Er kritisierte die "brutale Antwort" der Polizei auf das Verhalten der Randalierer, bei denen es sich um Autonome und Anarchisten handle. "Wir können Vandalismus nicht mit Vandalismus beantworten."

Confed Cup (noch) nicht betroffen

In Campinas bei Sao Paulo kam es an einer Straßenkreuzung zu heftigen Auseinandersetzungen zwischen Polizisten und Demonstranten.

In Salvador in Bahia, wo am Donnerstag eine Partie des Confederations Cups ausgetragen wurde, setzten Randalierer einen Bus in Brand und beschädigten zwei Mini-Busse des Fußball-Weltverbandes FIFA.

Die Protestaktionen in mehr als 100 Städten des Landes waren vor allem über das Internet koordiniert worden.

Präsidentin Rousseff verschob wegen der Demonstrationen eine für Sonntag geplante Reise nach Japan.
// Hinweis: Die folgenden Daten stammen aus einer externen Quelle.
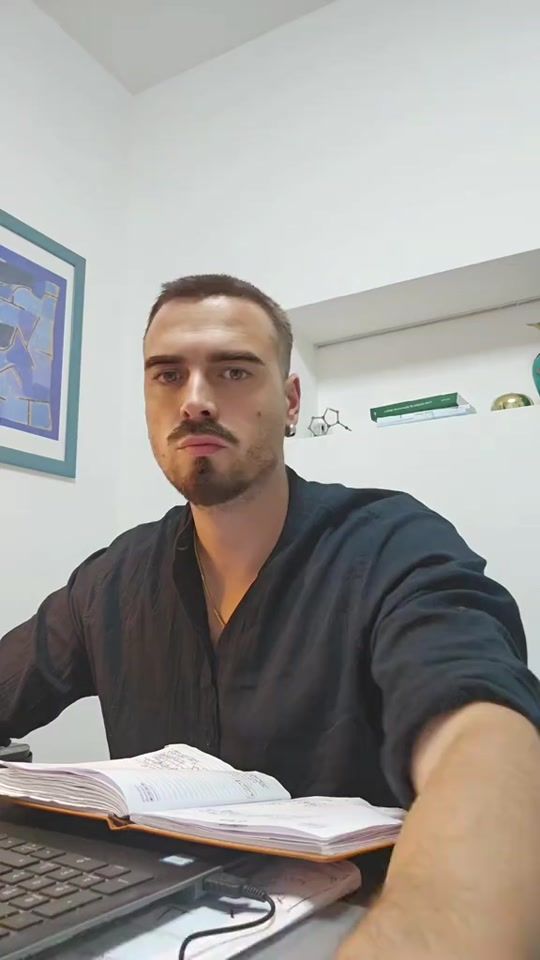 TikTok video thumbnail by dott.malcarne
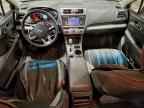 2016 SUBARU Outback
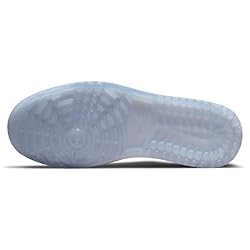 NIKE Men's Modern Sneaker, Wolf Grey Black Photon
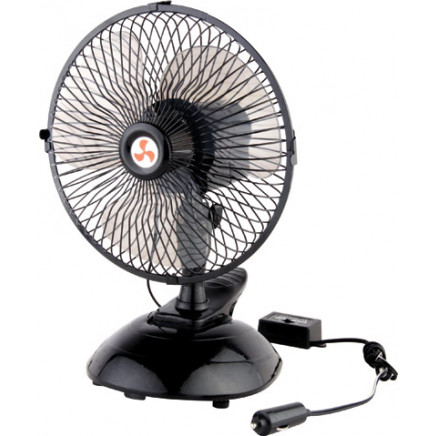 2014 Hot Sell Table Car Fan with High Quality with CE and RoHS Certification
Auch ein für Freitag vorgesehener Termin der Staatschefin in Salvador wurde abgesagt.

Für Freitag berief sie eine Dringlichkeitssitzung in Brasilia ein, an der auch Justizminister Jose Eduardo Cardozo teilnehmen sollte.

Die Partien des Confederations Cups waren in den Stadien von den Protesten gegen Misswirtschaft und Korruption bisher nicht betroffen.